The middle school has been well received by parents, but the East Brooklyn Community HS sharing the building has come under fire. Parents hoped the transfer high school, which provides an alternative learning environment for students who struggled in traditional classroom settings, would vacate the building in June because they feared teens would pick on the middle school students.
But the school is staying for at least one more year — and that has angered the district’s Community Education Council, a parents group representing Canarsie and East Flatbush.
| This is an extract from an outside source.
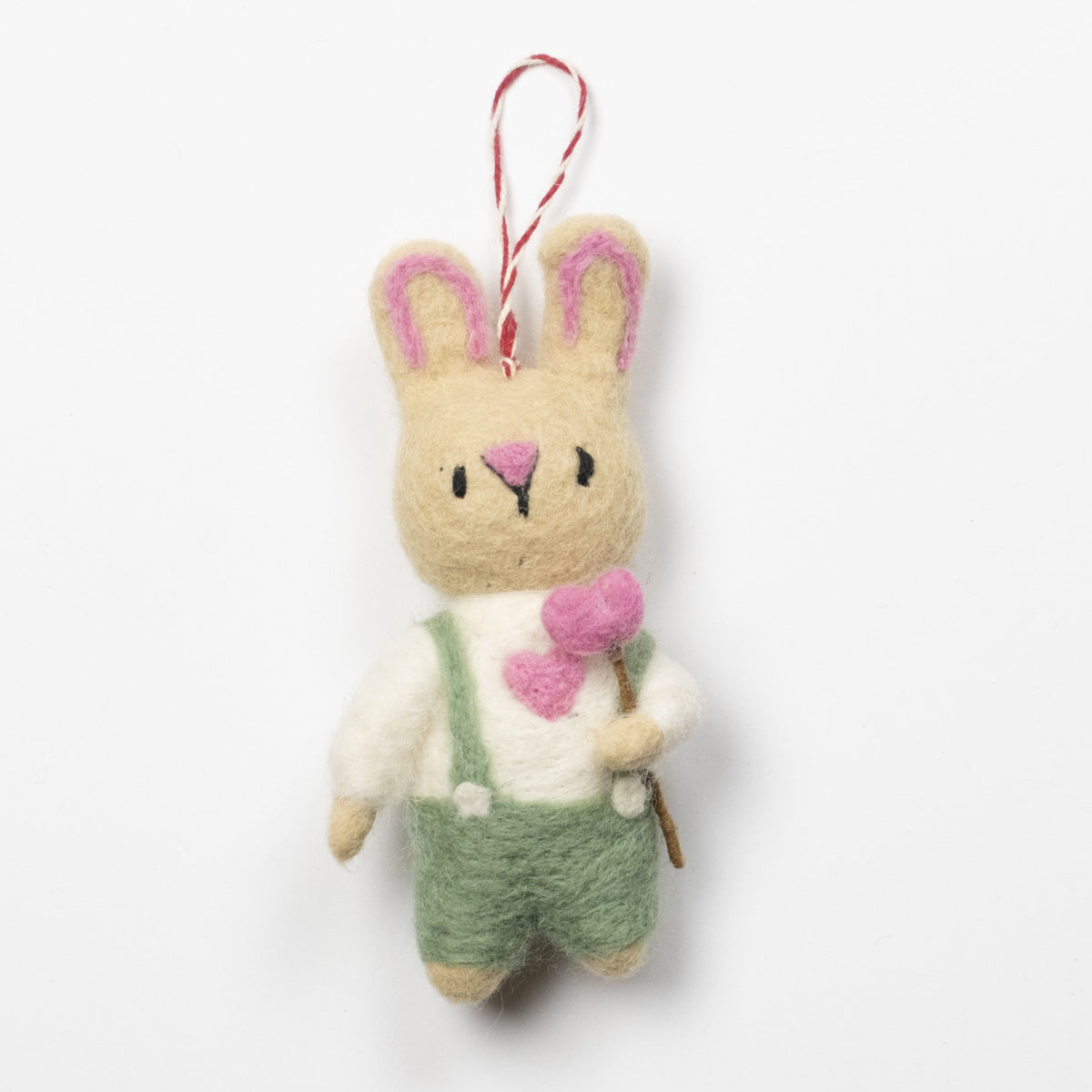 Ornament - Pastel Easter Valentine Bunny Heart Lollipop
“This is an issue because the council thought it was going to be a one-year deal,” said James Dandridge, the group’s president. “There was an outcry from the community about this from the beginning. Parents were concerned about having younger kids mixing with older children. The resolution was to have separate entrances for the schools, and so far, it has been incident free. We hope to keep it that way so we’re really keeping our eye on these schools as they expand.”
The schools’ first year may have been free of violence, but Dandridge fears that will change as the schools add an additional grade and more students this fall.
“There weren’t that many students in the building last year,” Dandridge said. “As the schools expand, there will be more students and more opportunities for [violent] incidents.”
The Education Department has no immediate plans to relocate East Brooklyn Community HS, said agency spokesman Jack Zarin-Rosenfeld.
“We believe the current arrangement makes the most sense,” he said.
Also around the district:
Four schools will welcome new principals this fall.
Following Joel Rubenfield’s retirement, Lucille Jackson is the new principal of PS 66 on E. 96th Street between Avenue D and Foster Avenue in E. Flatbush.
Mitchell Pinsky has retired from PS 115 on E. 92nd Street between Avenues L and M in Canarsie. Dennis Guerin is the interim acting principal.
Retiring this September are Mosezetta Overby of PS 268 on East 53rd Street between Clarkson Avenue and Winthrop Street in East Flatbush, and Penny Grinage of PS 135 on Linden Boulevard between East 48th Street and Schenectady Avenue in Flatbush. The principal interview and approval process is in the final stages for both schools.
Bay Ridge, Borough Park and part of Bensonhurst
Three new schools will open in Bay Ridge this fall — and provide much-needed relief to the district’s overcrowded schools.
The new building on Fourth Avenue between 62nd and 63rd streets will house two new kindergarten-to-fifth grade schools — PS 971 and PS 310, which will move to its own building at 60th Street and Fort Hamilton Parkway in two years.
Since the school building at the corner of Fourth Avenue and 89th Street remains under construction and won’t be ready until 2012, PS 264 will occupy classroom space in the District 20 office on 89th Street between Fourth and Fifth avenues. In 2002, part of the building was converted to classroom space, which was utilized by overcrowded schools, including PS/IS 104 on Fifth Avenue at 91st Street and PS 185 on Ridge Boulevard at 86th Street.
The district was rezoned so the new schools opening this fall will accept students who would have attended nearby overcrowded schools, including PS 69 at on Ninth Avenue at 63rd Street; PS 105 on 59th Street at 10th Avenue; PS/IS 104; and PS 185. All of these schools were between 127 percent and 149 percent capacity during the 2008-2009 school year, which is the most recent city data.
“With these new schools, we’re hoping to have relief from overcrowding throughout the district,” said Laurie Windsor, president of District 20’s Community Education Council.
Also around the district:
• IS 259, the William McKinley School, is opening a new 400-seat annex in its schoolyard.
The extra space is sorely needed since McKinley, located on Fort Hamilton Parkway between Bay Ridge Parkway and 73rd Street in Bay Ridge, was at 132 percent capacity during the 2008-2009 school year.
“They’re so overcrowded it’s not even funny,” Windsor said.